### EXERCISE DATA
== == ==
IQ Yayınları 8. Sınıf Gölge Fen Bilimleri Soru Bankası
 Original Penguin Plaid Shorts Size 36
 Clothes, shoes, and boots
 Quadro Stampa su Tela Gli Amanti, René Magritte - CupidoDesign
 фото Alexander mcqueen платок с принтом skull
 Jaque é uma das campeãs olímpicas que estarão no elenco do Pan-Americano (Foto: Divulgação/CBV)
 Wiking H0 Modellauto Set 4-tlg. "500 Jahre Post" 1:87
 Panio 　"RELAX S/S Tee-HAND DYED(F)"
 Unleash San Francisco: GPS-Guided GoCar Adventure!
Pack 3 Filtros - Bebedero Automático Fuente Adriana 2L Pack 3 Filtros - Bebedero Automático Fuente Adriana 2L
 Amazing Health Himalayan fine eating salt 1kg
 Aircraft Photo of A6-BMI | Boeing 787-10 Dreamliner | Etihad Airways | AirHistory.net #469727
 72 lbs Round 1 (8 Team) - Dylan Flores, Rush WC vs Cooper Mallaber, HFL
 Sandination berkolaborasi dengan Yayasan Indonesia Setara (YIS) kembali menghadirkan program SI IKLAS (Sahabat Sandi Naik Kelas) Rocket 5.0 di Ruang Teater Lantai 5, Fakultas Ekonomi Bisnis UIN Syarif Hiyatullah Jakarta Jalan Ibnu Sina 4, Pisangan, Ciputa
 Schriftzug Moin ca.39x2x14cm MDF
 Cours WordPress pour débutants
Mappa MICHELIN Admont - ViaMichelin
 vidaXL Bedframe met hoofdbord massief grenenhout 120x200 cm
== == ==
### YOUR INSTRUCTIONS
Retype the entries exactly from the first line, stopping after the line with "Aircraft Photo of".

### ANSWER FOR THE TASK
IQ Yayınları 8. Sınıf Gölge Fen Bilimleri Soru Bankası
 Original Penguin Plaid Shorts Size 36
 Clothes, shoes, and boots
 Quadro Stampa su Tela Gli Amanti, René Magritte - CupidoDesign
 фото Alexander mcqueen платок с принтом skull
 Jaque é uma das campeãs olímpicas que estarão no elenco do Pan-Americano (Foto: Divulgação/CBV)
 Wiking H0 Modellauto Set 4-tlg. "500 Jahre Post" 1:87
 Panio 　"RELAX S/S Tee-HAND DYED(F)"
 Unleash San Francisco: GPS-Guided GoCar Adventure!
Pack 3 Filtros - Bebedero Automático Fuente Adriana 2L Pack 3 Filtros - Bebedero Automático Fuente Adriana 2L
 Amazing Health Himalayan fine eating salt 1kg
 Aircraft Photo of A6-BMI | Boeing 787-10 Dreamliner | Etihad Airways | AirHistory.net #469727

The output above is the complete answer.